The results presented in Table 1 demonstrate that sample X is composed of 91.75% of one chemical component. In the discussion section, the authors cite Ref.[24]. Unfortunately I have no access to that position so I could not verify this citaiton. However, that result seems in contradiction with the results presented in Ref. [21] (Molecules 2019, 24, 3621; doi:10.3390/molecules24193621) where multiple chemical components were reported for that herb, with no such dominance of this compound, and also there are found important differences between herbs origins.

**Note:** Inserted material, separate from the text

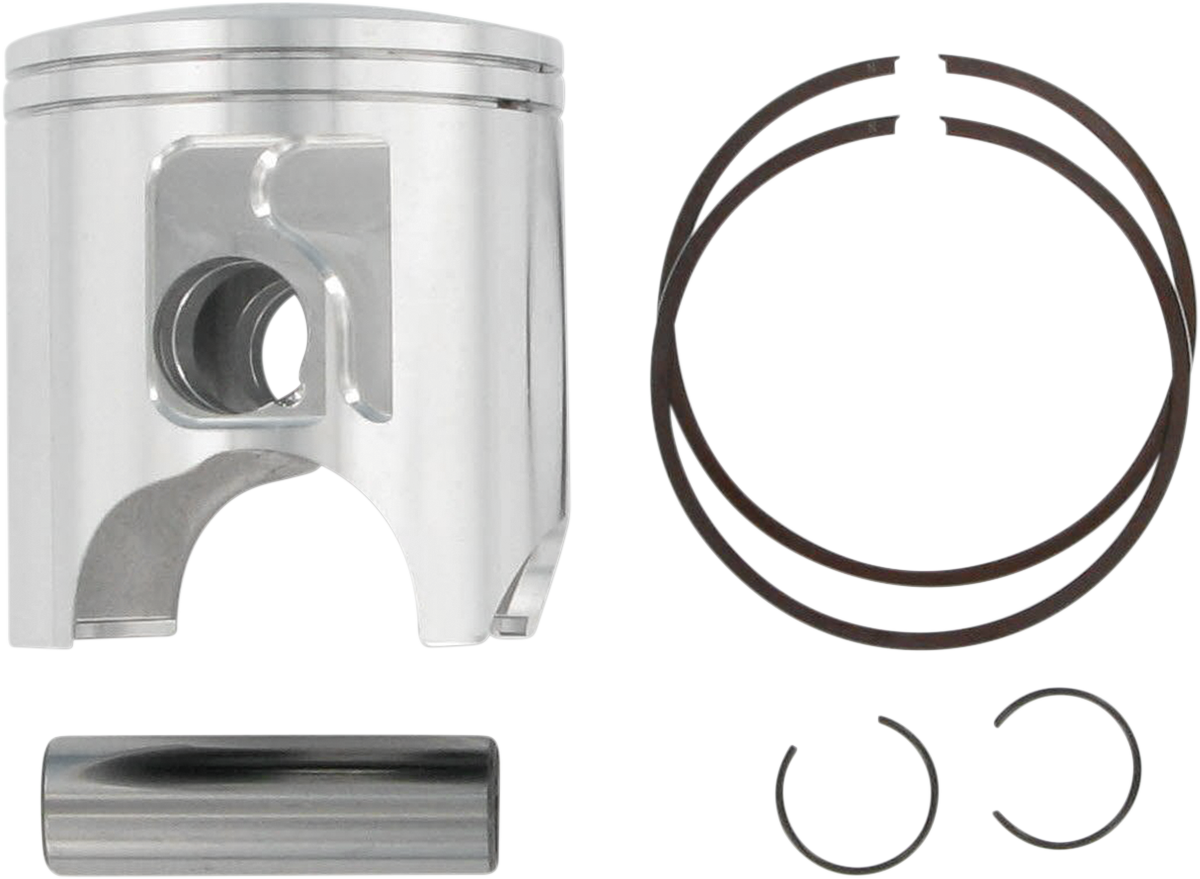 High-Performance Piston Kit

The authors present a selection of chemical components that may be used as markers allowing differentiation between X and W. However, as I mentioned they have not demonstrated that these components are present in all samples of a given category. For some of them, the content is very low, often below 1%. I looked at the table from the previous version of the manuscript, and it seems that indeed some of the candidates for markers were not present in all samples of the given category, for example, N25, N24, N71, and N64. I verified it, by comparing, the components with the same retention time, as the numbering is changed. Some other chemical components, that seem to be present in all samples of only one category were not selected by the used algorithm. That observation gives reasonable doubts if the applied authors' method of selection of chemical markers is justified, or if it is correctly applied.
Since the goal of the authors is to demonstrate differences between two herb species they should report the properties that could be generalized regardless of the origin of the samples. The analysis presented by the authors is either not sufficiently described or does not answer to that goal.

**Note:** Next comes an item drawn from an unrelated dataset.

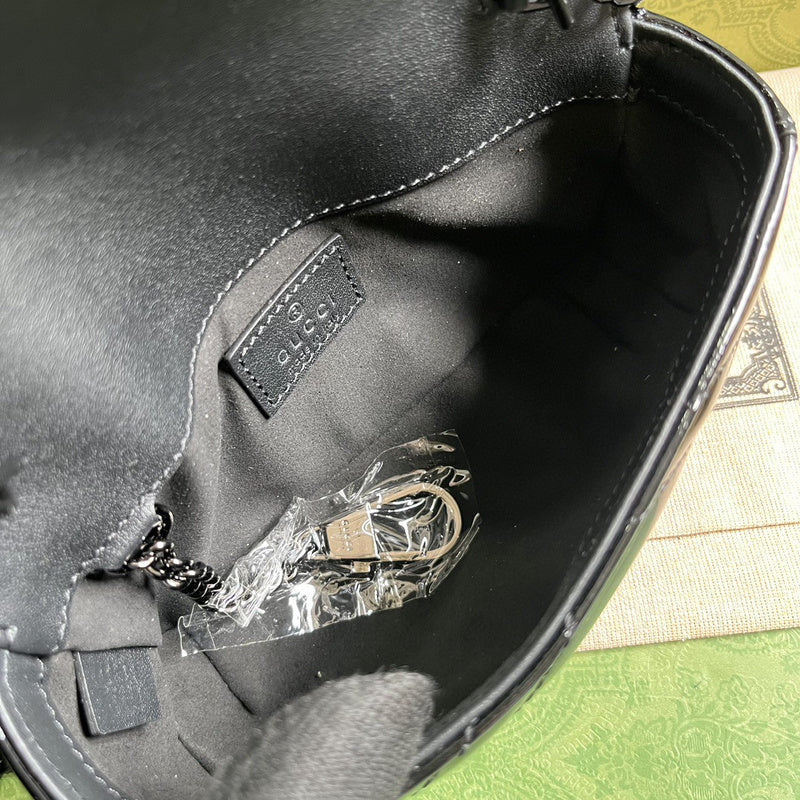 Satchel Bags - GCI Bags - 430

On page 7 the authors present the contribution to the variance of three principal components: 54.5%, 29.0%, and 16.5%. As the authors claim, they are the transformation of data from 10 sensors. The sum of the contribution of these first three components is exactly 100%. That means that these 3 new variables contain all information from the original 10 variables. In my opinion, it is rather an error in calculations than a real result.
Reviewer 2 Report
The authors resubmitted their manuscript. The new version has been adequately revised according to my previous comments. Therefore, I recommend its acceptance for publication.
Reviewer 3 Report
The manuscript describes analysis of Chinese Herbal Medicine oil samples by GC-MS and an electronic nose. The results obtained by E-nose were further analysed by pattern analysis.
Unfortunately, the content is flimsy, and I can't find enough novelty of the work. Furthermore, I think that this kind of analysis of regional plants is not suitable for published in an international journal without outstanding novelty.

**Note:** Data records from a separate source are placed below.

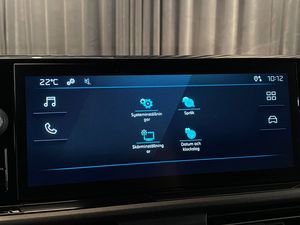 Peugeot e-Partner bild 18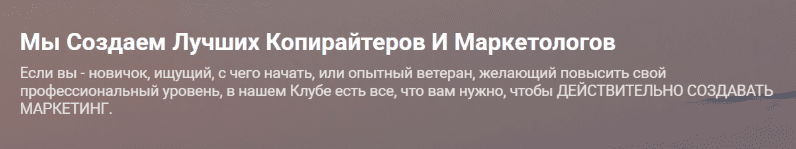 1748563035372.png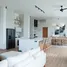 4 Bedroom Villa for sale in Uluwatu, Bali, Uluwatu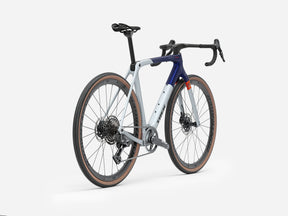 Trek Checkmate SLR 7 AXS Gravel-pyörä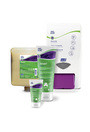Nettoyant pour les mains contre salissures fortes Solopol Classic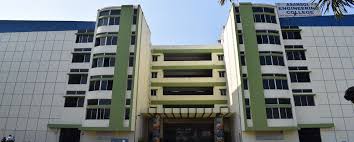 Asansol Institute of Engineering and Management Polytechnic College Overview photo 14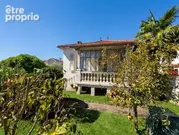 Maison à JURANCON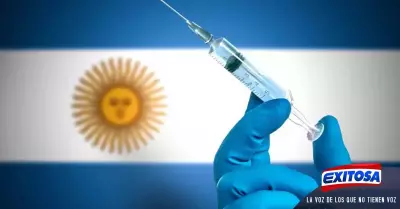 argentina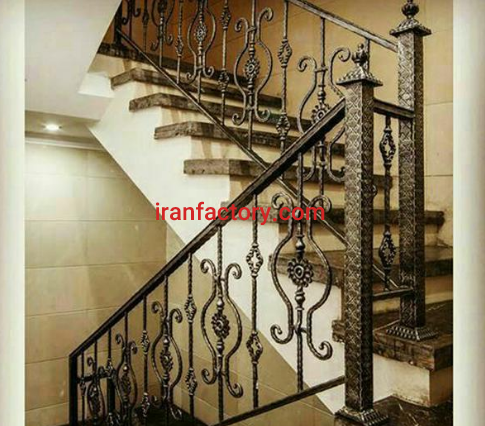 ساخت انواع حفاظهای دیواری با انواع تنوع0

Therefore, I can't recommend acceptance of this manuscript.
Specific comments
1. Introduction, Line 2, should be "in clinical application for a long time in China."
2. Introduction, abbreviation that once defined must be used. i.g. MOS and PCA.
3. 2.4.2, A space must be inserted between a number and a unit. (column information)
4. 2.4.2, Sample injection volume and split ratio must be described.
5. 3.3, title, "Results of" is not needed. Section 3 is result section.
6. 4.1, title, I don't that the title is appropriate.
7. 4.1, I think that the contents described in section 4.1 is very flimsy.
8. 4.5, title, I don't think the title is appropriate.